▶ What needs to be done: Your task is to return all of the entries below exactly, leaving out each picture.

▶ Recorded information:
※
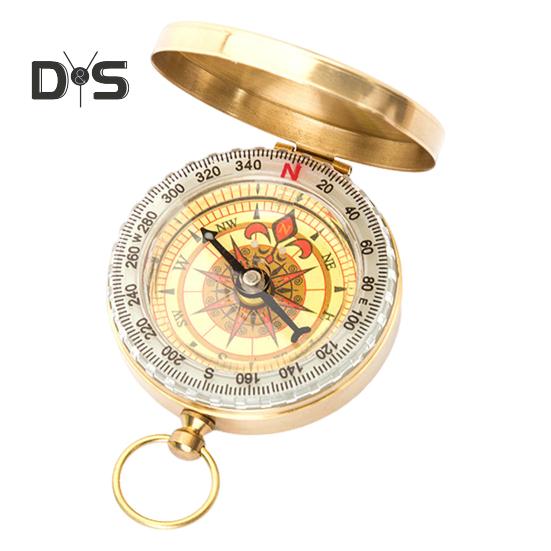 

Компас для выживания на открытом воздухе, светящийся в темноте, легкий, точный, портативный, для кемпинга, пешего туризма, походов, ручного ориентирования из латуни золотистый
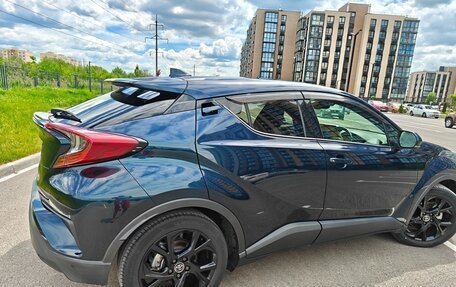 Toyota C-HR I рестайлинг, 2019 год, 2 150 000 рублей, 5 фотография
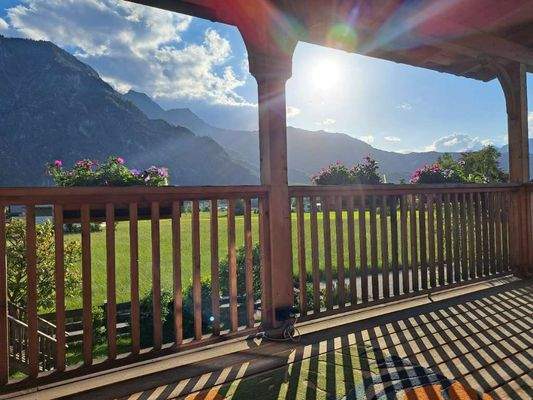 Balkon mit Ausblick.jpg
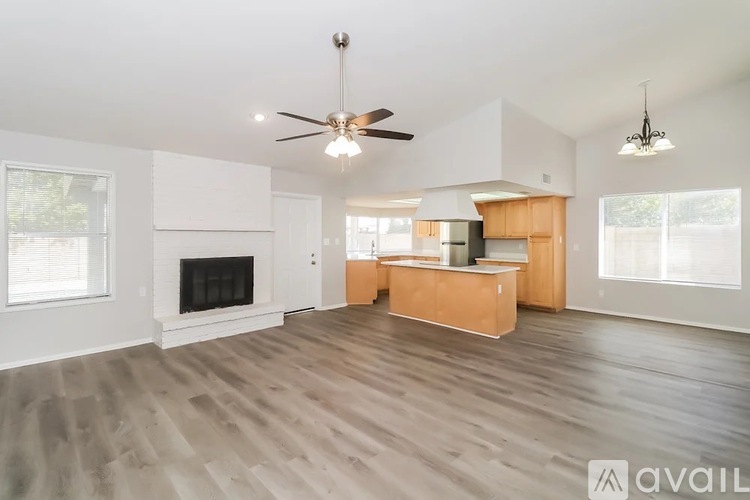 6143 W Sunnyside Dr 3 Beds Single Family Home for Rent - Photo gallery 5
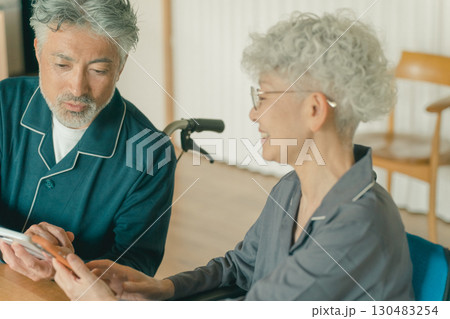 高齢者施設の入居者 130483254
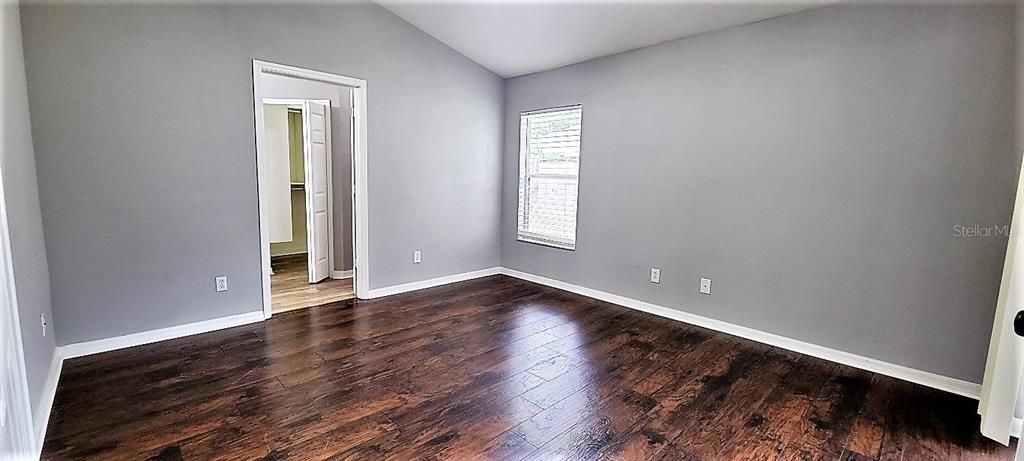 For Rent: $2,300 (3 beds, 2 baths, 1696 Square Feet)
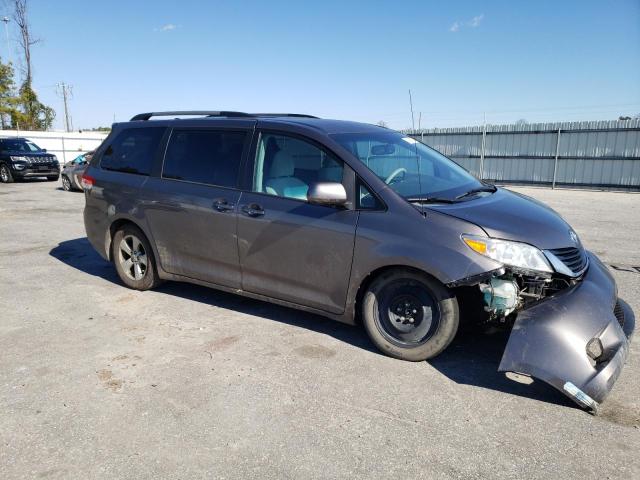 Photo 4 from auction – 2012 TOYOTA SIENNA LE with VIN 5TDKK3DC8CS182024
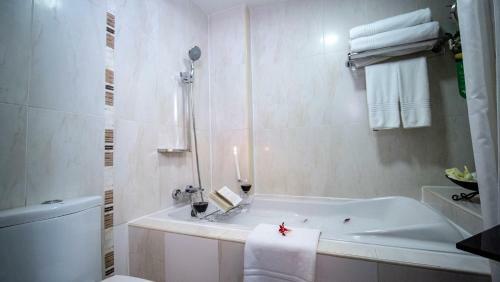 Oak Plaza Hotels East Airport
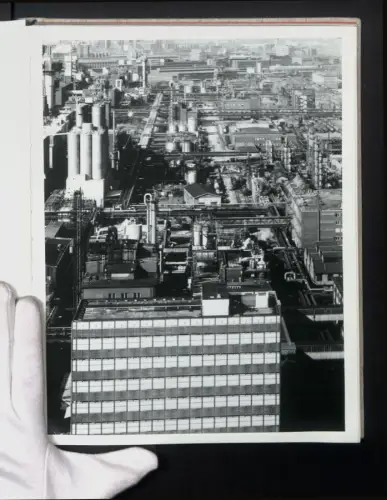 Fotoalbum mit 28 Fotografien, Ansicht Ludwigshafen a. Rh., BASF Werk, Industrieanlagen und Produktion, 1975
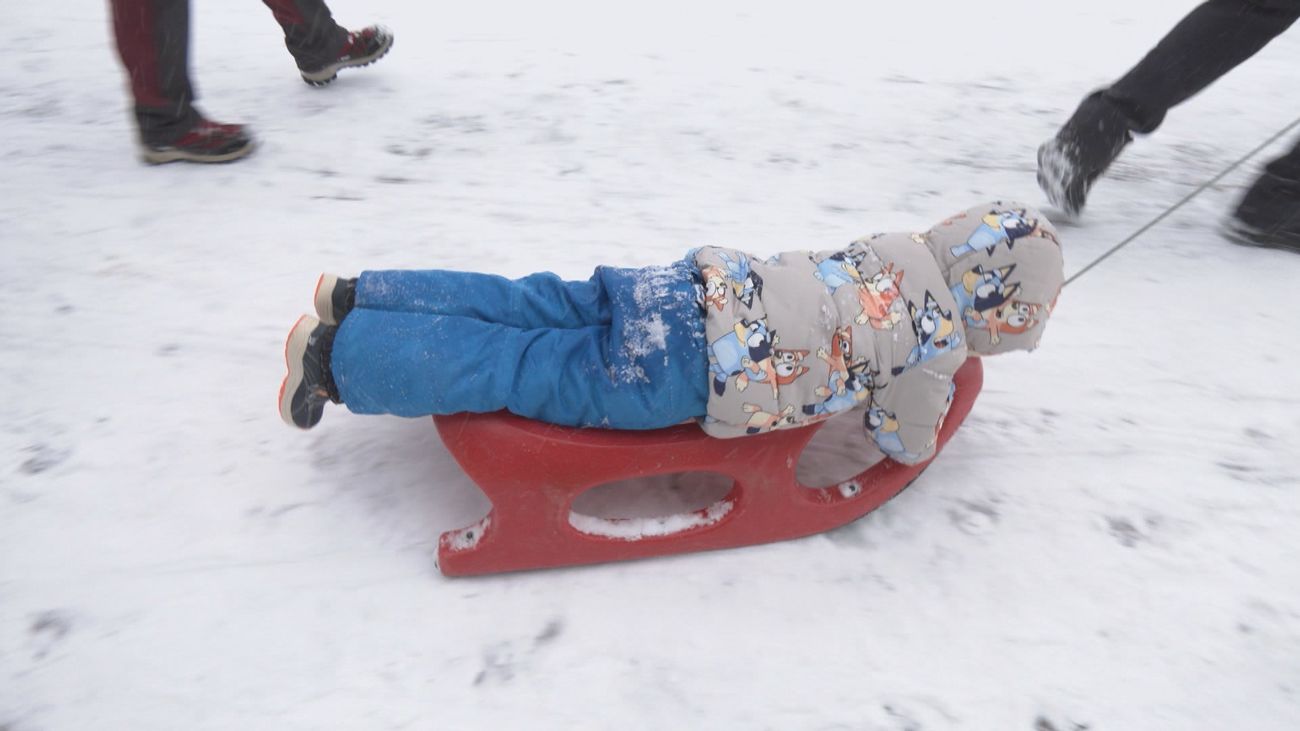 Disfrutamos de la increíble pista de hielo natural de Cercedilla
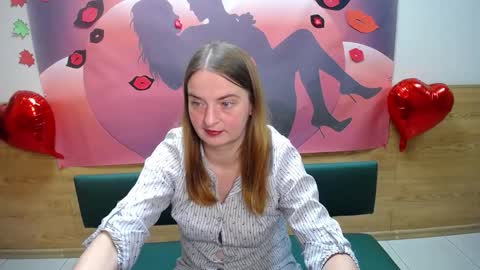 Snapshot of freyadak chatting on 9, 10, 2025 FreyaDak online show from 9, 10, 2025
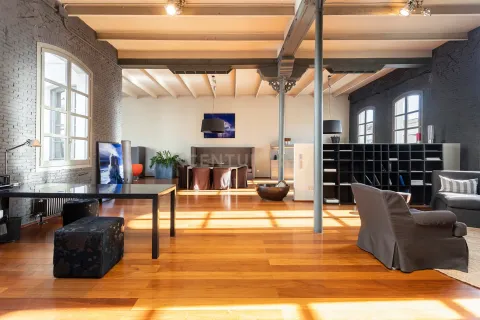 Dzīvoklis Barcelona, Spānijā 2 istabas, 308 m2 Nr. 167038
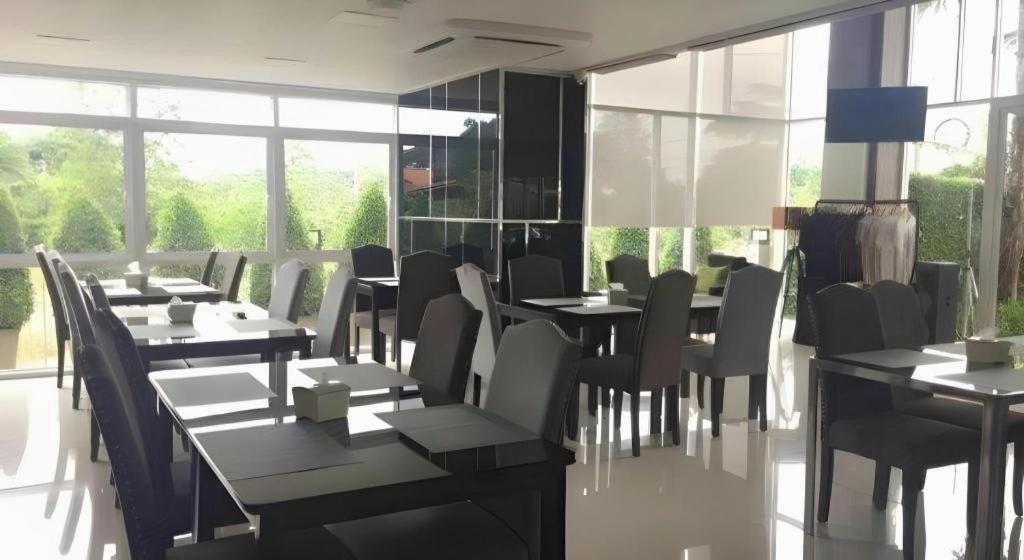 Chaisaeng Villa Sing Buri Exterior photo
※
▶ Final answer:
Компас для выживания на открытом воздухе, светящийся в темноте, легкий, точный, портативный, для кемпинга, пешего туризма, походов, ручного ориентирования из латуни золотистый
 Toyota C-HR I рестайлинг, 2019 год, 2 150 000 рублей, 5 фотография
 Balkon mit Ausblick.jpg
 6143 W Sunnyside Dr 3 Beds Single Family Home for Rent - Photo gallery 5
 高齢者施設の入居者 130483254
 For Rent: $2,300 (3 beds, 2 baths, 1696 Square Feet)
 Photo 4 from auction – 2012 TOYOTA SIENNA LE with VIN 5TDKK3DC8CS182024
 Oak Plaza Hotels East Airport
 Fotoalbum mit 28 Fotografien, Ansicht Ludwigshafen a. Rh., BASF Werk, Industrieanlagen und Produktion, 1975
 Disfrutamos de la increíble pista de hielo natural de Cercedilla
 Snapshot of freyadak chatting on 9, 10, 2025 FreyaDak online show from 9, 10, 2025
 Dzīvoklis Barcelona, Spānijā 2 istabas, 308 m2 Nr. 167038
 Chaisaeng Villa Sing Buri Exterior photo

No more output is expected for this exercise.